User:ZeLonewolf/Overpass Installation Guide
This guide is under construction to update for v0.7.61.1. See User:ZeLonewolf/Overpass_Installation_Guide/v1.0 for the v0.55 version |
This is my guide for configuring a complete overpass server from beginning to end. I found the existing guides to be lacking. This is a combination of various other guides, the official docs, Kai Johnson's diary entry, and suggestions from @mmd on Slack. This guide is intended to demonstrate how to configure a server dedicated to only running overpass.
Below are the steps that I followed for configuring an overpass server on Ubuntu 18.04 LTS. This guide will walk through the process of configuring a "complete" overpass server, which includes:
- OSM Base: "basic" queries; all functionality not included in the next two bullets.

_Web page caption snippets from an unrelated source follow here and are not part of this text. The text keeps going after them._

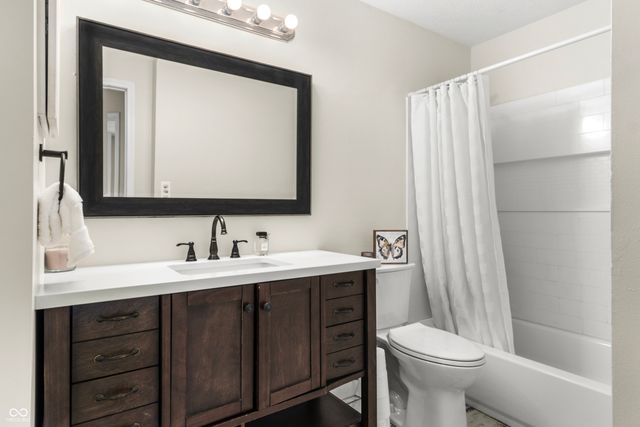 18676 Northridge Drive, Noblesville, IN 46060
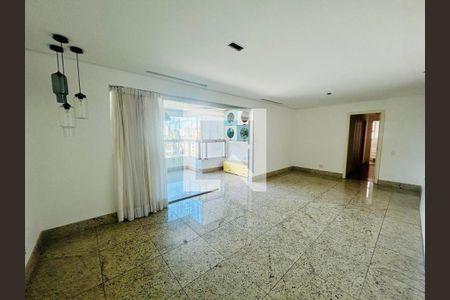 Apartamento para alugar com 4 quartos, 140m² em Buritis, Belo Horizonte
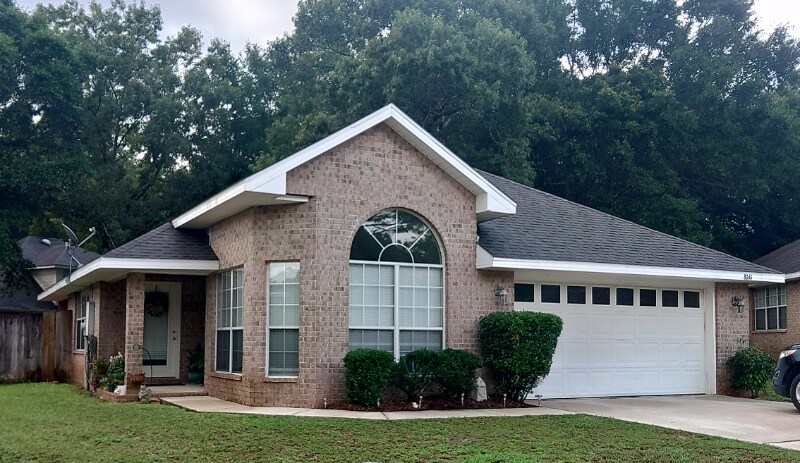 Foto principal - 8046 Brookside Ln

- Areas: searches within a particular area. If you want to do searches within a way or relation, you must have areas enabled.
- Attic Data: in this context, "attic" refers to prior versions of data in the map. If you want to do "diff" queries which return the changes in an object over time, you must have this.
- Map data updates on 1-minute intervals.
- Automatic startup and cleanup of unneeded files.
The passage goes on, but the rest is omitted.